You have probably heard that wind turbines kill birds. They certainly do, but so do coal power plants, houses, cars and anything else birds could run into. The Audubon society strongly supports properly sited wind power. Today’s giant wind towers have blades that are more like the wings of an airliner. Environmentally, wind is squeaky-clean and doesn’t even take up any space if developed in farming areas. Cows happily graze under the towers and the farmer gets a nice monthly check. Biomass might make even more sense as a crop to grow under the towers.
Wind is a real success story that didn’t start out well. Early windmills built in the 1970s had a kind of frenetic feel to them with fast spinning blades. Today’s giant towers are graceful, majestic and almost restful looking. They’re also much more reliable. Often the old wind farms had a large percentage of the blades broken or stuck in one position. Our modern turbines have electronic monitoring of blade condition and transmission particle count that can electronically signal for help before trouble develops. According to Vestas, the energy used in building a wind turbine can be paid back in the first 7-9 months of operation! Much better than the 2-3 years it takes for silicon photovoltaic panels to generate the power it took to make them.

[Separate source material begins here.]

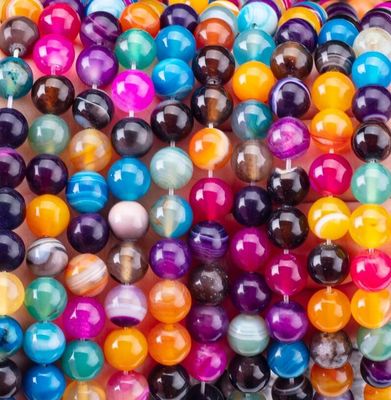 Rainbow Stripped Agate Loose Bead Strands Pedra semi-preciosa para fabricação de jóias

Power output rises as the cube of wind velocity; so doubling wind velocity actually gives eight times the power output. Power output also increases as the square of rotor diameter so large turbines in good locations really pay off. We already have towers as tall as a 35-story high-rise. Expect to see them go even taller. As they get bigger they are more and more like a building. Instead of ladders, many now have elevators that lead to an equipment room inside the nacelle. Repairs can be done from inside the nacelle including generator replacement and gear repairs.
Gearboxes tend to wear out in about 5 years so some new designs are gearless. As the generators get larger its easy to get high velocities for efficient generation without gears. One direct-drive generator has 3,960 permanent magnets around the periphery. American Superconductor is developing a 10-MW generator that uses superconducting wire cooled by liquid nitrogen. Because of the zero resistance wire, a 10-MW generator is no larger or heavier than a conventional 5-MW unit. The blades and tower size are scaled up.
In windy areas small wind turbines can be more cost effective than solar power for off-grid generation. A Chinese maglev 300-watt turbine uses magnetic levitation for extremely low friction, allowing it to work on a wind speed of only 1.5 m/s. That’s nice to keep it turning but in order to achieve efficient wind power generation, high wind velocities are required. If you’re on the grid it’s probably best to let the giants generate the power rather than look to small wind. Bigger turbines are much more efficient.
Building integrated turbines on the tops of high-rise buildings are good PR but the economics are still questionable. Remember that power ratings in Watts are meaningless as they only apply at a very strong wind velocity. What really matters is average kilowatt-hours over the year. That’s what we pay for and that’s what should be used to estimate payback time.
Wind power is already cheaper than coal. The amazingly fast evolution of wind turbine design and cost effectiveness will continue, leaving coal power in the dust (literally!) Offshore wind promises another jump in reliable capacity factor. Possibly more pumped storage will have to be built to allow wind to continue to grow, but the cost of pumped storage is a drop in the bucket compared to the billions being spent trying to rescue the coal business with carbon capture and storage.